§ ASSIGNMENT
Exact reproduction is required for the lines below starting at the line with "qianshan 40Pcs Empty" and ending at the line with "Flounced-Hem Sweater Dress", both included. No other lines, and no pictures.

§ SUPPLIED RECORDS

• • •

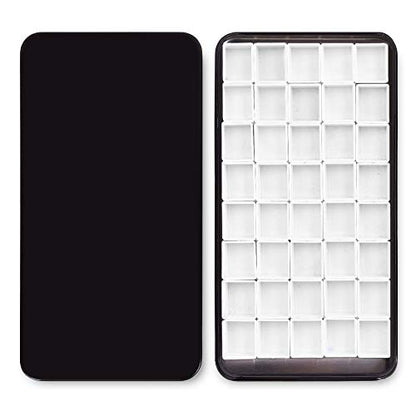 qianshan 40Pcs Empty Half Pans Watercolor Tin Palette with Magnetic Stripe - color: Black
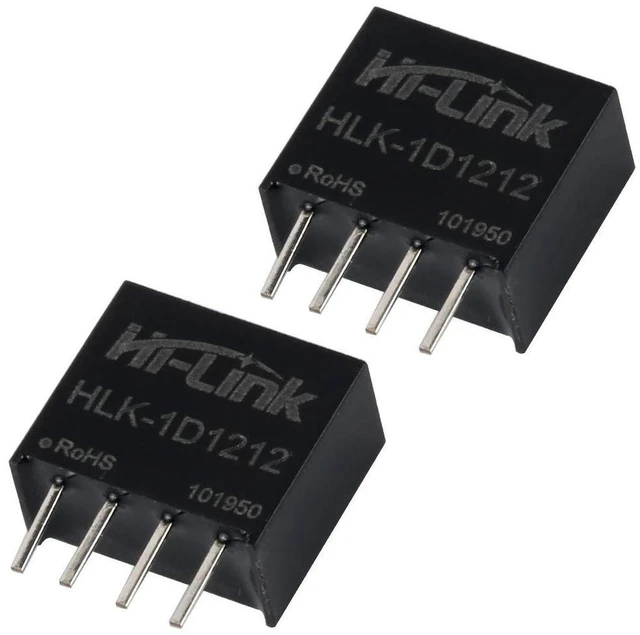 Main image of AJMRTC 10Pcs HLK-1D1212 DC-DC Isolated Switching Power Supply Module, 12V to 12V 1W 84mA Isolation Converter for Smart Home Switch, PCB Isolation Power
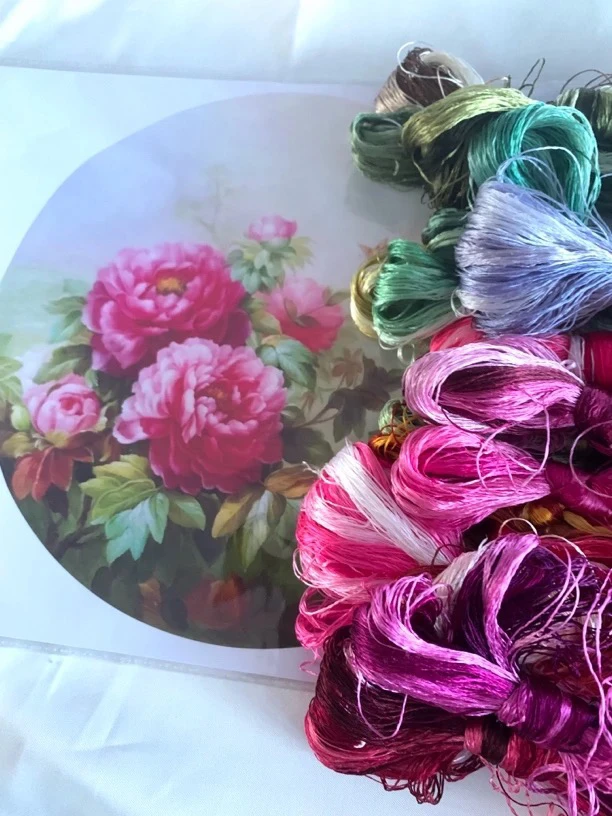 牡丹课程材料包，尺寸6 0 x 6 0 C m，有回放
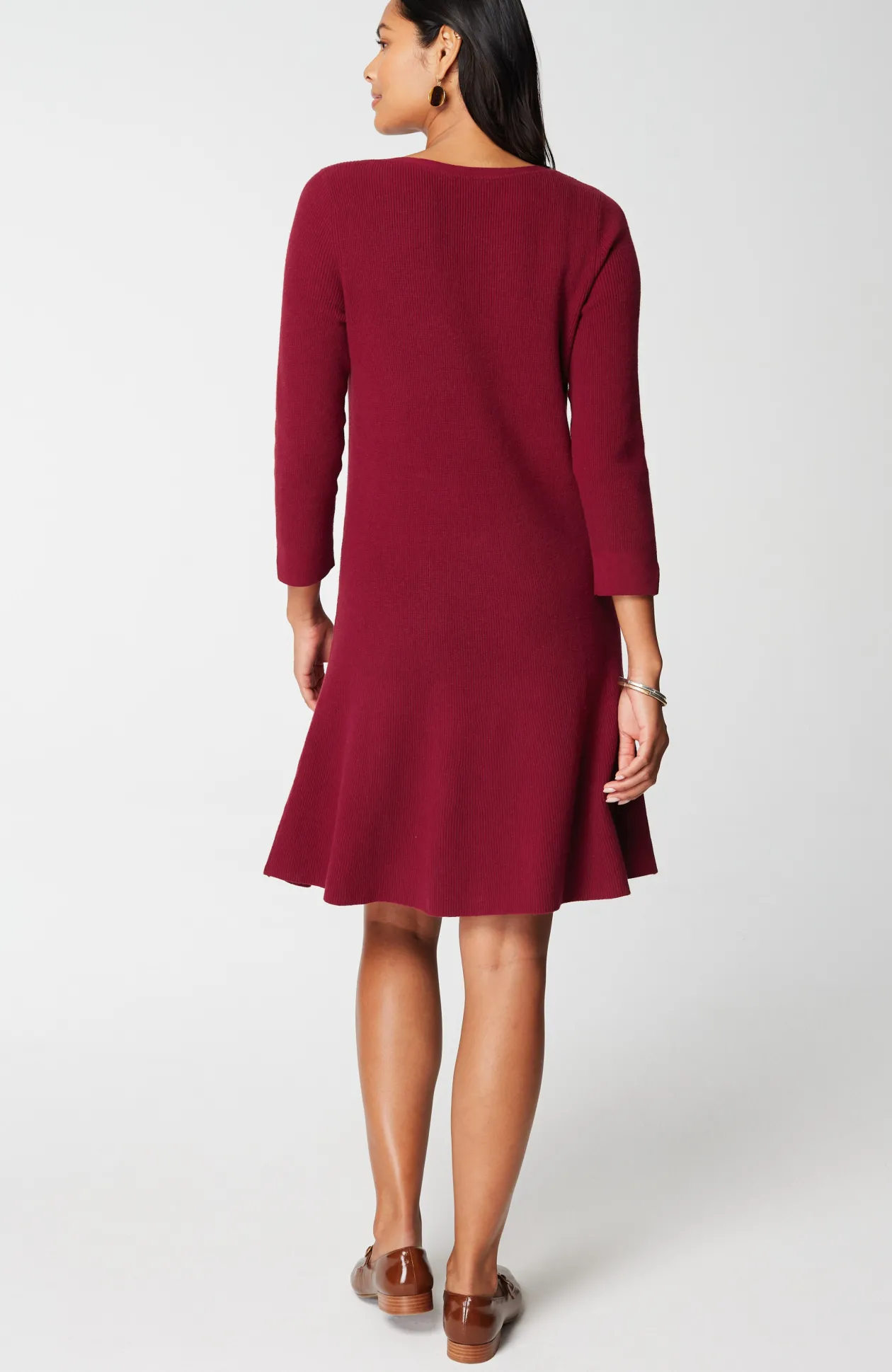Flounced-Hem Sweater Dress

• • •

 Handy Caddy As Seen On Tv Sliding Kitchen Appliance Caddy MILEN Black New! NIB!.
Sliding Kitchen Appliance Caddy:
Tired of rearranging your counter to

• • •

§ RESULT OF THE EXERCISE
 qianshan 40Pcs Empty Half Pans Watercolor Tin Palette with Magnetic Stripe - color: Black
 Main image of AJMRTC 10Pcs HLK-1D1212 DC-DC Isolated Switching Power Supply Module, 12V to 12V 1W 84mA Isolation Converter for Smart Home Switch, PCB Isolation Power
 牡丹课程材料包，尺寸6 0 x 6 0 C m，有回放
Flounced-Hem Sweater Dress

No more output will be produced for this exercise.